Title: First report of a phytogeographically mixed (transitional) Middle-Late Permian fossil wood assemblage from the Hami area, northwest China, and implications for Permian phytogeographical, paleogeographical and paleoclimatic evolution in central Asia
Authors: Wei, Xinxiang; Zhang, Xionghua; Shi, G. R.; Zhao, Xingmin; Huang, Xing; Luan, Tengfei
Source: PALAEOGEOGRAPHY PALAEOCLIMATOLOGY PALAEOECOLOGY, 448 125-140, APR 15 2016
Brief summary of the paper: A diverse and well-preserved fossil wood assemblage is described, for the first time, from the Middle Permian Taerlang Formation and the Upper Permian Quanzijie Formation in the vicinity of the Tianshan Town, Hami City of northwestern China.
On the basis of wood microstructure, the fossil woods are classified into three genera and five species, including one new genus: Prototianshanoxylon gen. nov. and two new species:Prototianshanoxylon erdaogouense sp. nov., Prototianshanoxylon hamiense sp. nov.
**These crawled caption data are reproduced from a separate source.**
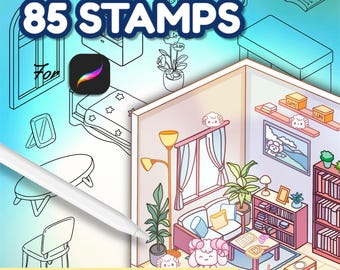 May include: 85 isometric bedroom stamps for Procreate. The image shows a colourful bedroom scene with a sofa, a lamp, a bookcase, a window, and a bed. The stamps are ideal for creating digital art and illustrations.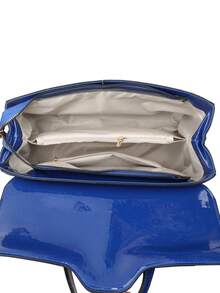 Tas Tote Wanita Baru, Kapasitas Besar, Bahan PU Tekstur Buaya Imitasi, Tali Bahu yang Dapat Diatur dan Dilepas, Tas Bahu Warna Polos Cocok untuk Perjalanan Sehari-hari - Biru - View 11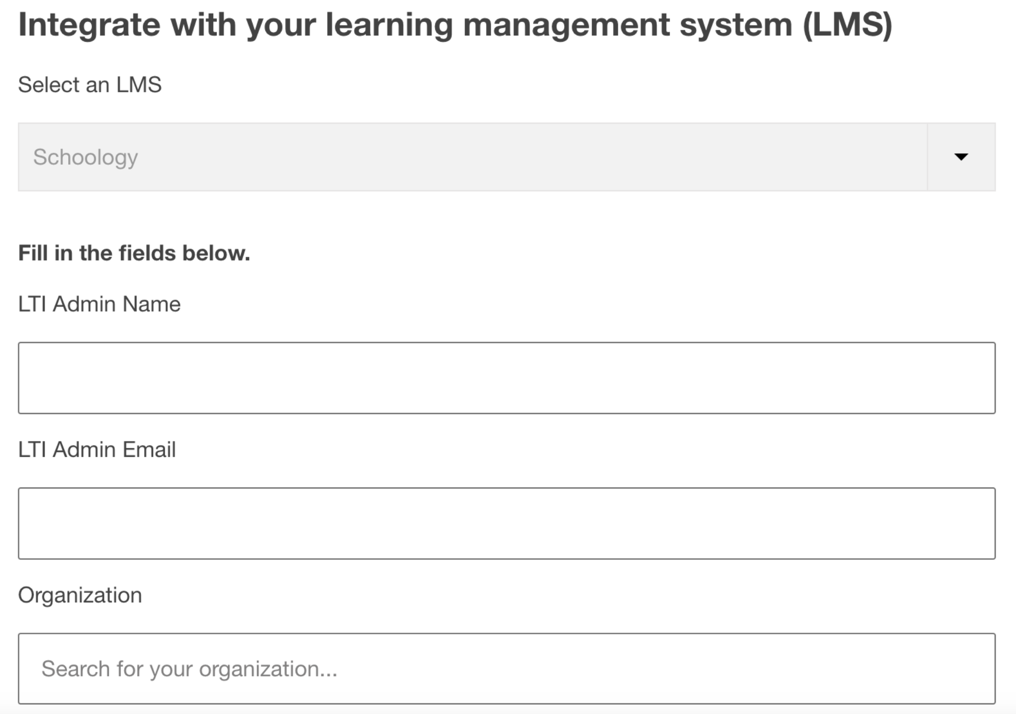 Contact information form with institution dropdown and submit button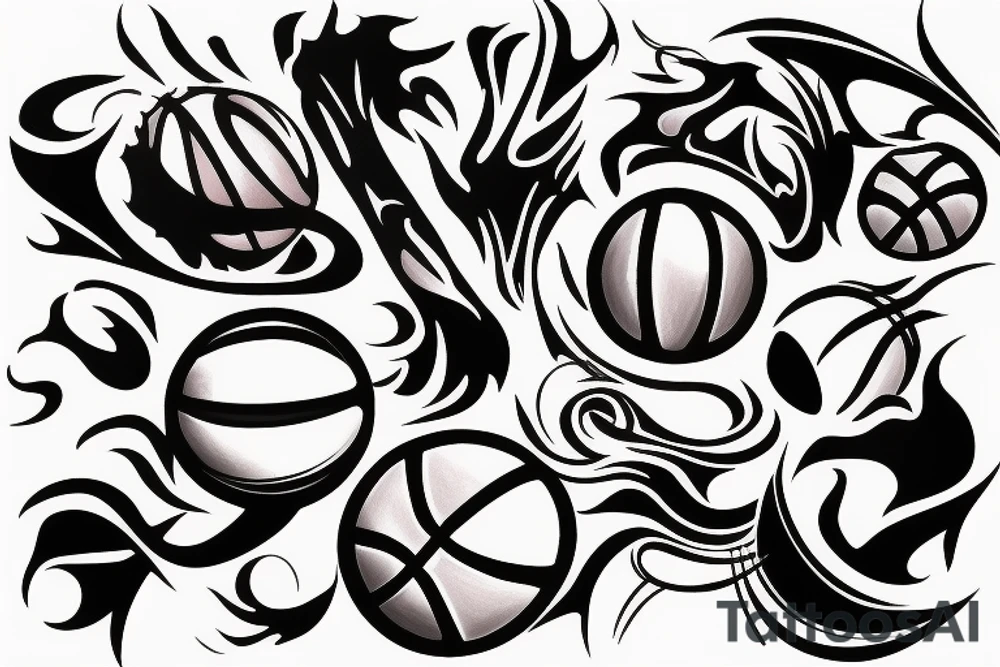 Basketball trailing flames abstract tattoo idea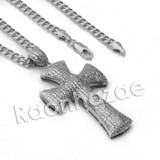 Lab diamond Micro Pave Anarchy Jesus Piece Pendant w/ Miami Cuban Chain BR016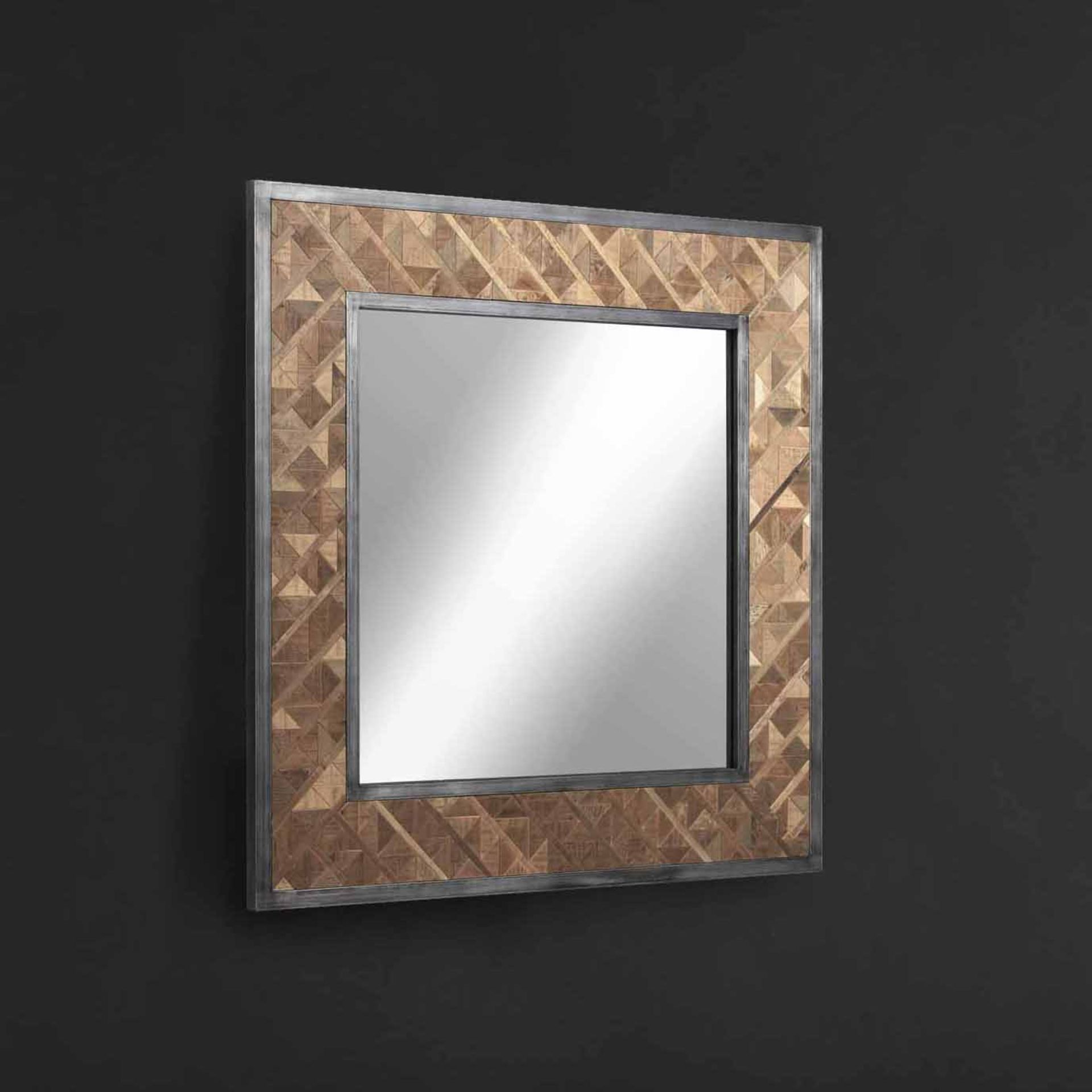 Vestige Industrial Mirror – Square “A Modern Take On Old Timber” A Classic Vintage Material Is Given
The new genus is characterized by window-like cross-field pitting and mixed tracheid radial wall pitting that suggest a transitional type between araucarioid-type and protopinoid-type pittings.
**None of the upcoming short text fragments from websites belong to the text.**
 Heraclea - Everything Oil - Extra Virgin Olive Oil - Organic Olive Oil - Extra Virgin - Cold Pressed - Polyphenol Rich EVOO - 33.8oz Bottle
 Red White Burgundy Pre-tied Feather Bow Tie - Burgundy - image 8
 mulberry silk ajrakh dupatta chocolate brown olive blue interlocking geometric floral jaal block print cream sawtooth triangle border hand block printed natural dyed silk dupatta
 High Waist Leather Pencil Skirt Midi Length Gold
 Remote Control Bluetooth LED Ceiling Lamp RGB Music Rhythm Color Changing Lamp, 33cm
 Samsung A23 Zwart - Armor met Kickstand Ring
Phytogeographically, the fossil wood assemblage is characterized by an admixture of elements of both temperate Angaran (represented by wood specimens with moderately to well defined growth rings in their secondary xylem) and tropical–subtropical north subregion of the Cathaysian floras (with wood specimens lacking well-defined growth rings).
Such a phytogeographically mixed fossil wood assemblage is interpreted to represent a transitional and complex climate condition between a cool temperate and tropical to subtropical zones, showing both seasonal variation and unstable climate conditions.
Previously, similarly mixed floras have already been found to exist widely in northern China ranging in age from Early to Late Permian, but the mechanisms thought to be responsible for their formation were varied and remain controversial.
In this study, the formation of these mixed Permian floras of North China is linked to the closure of the Tianshan–Hingan seaway coupled with the collision and amalgamation of Siberia with North China and the Tarim block, in a manner much like closing a pair of scissors with the closure of the seaway proceeding gradually and progressively from west to the east.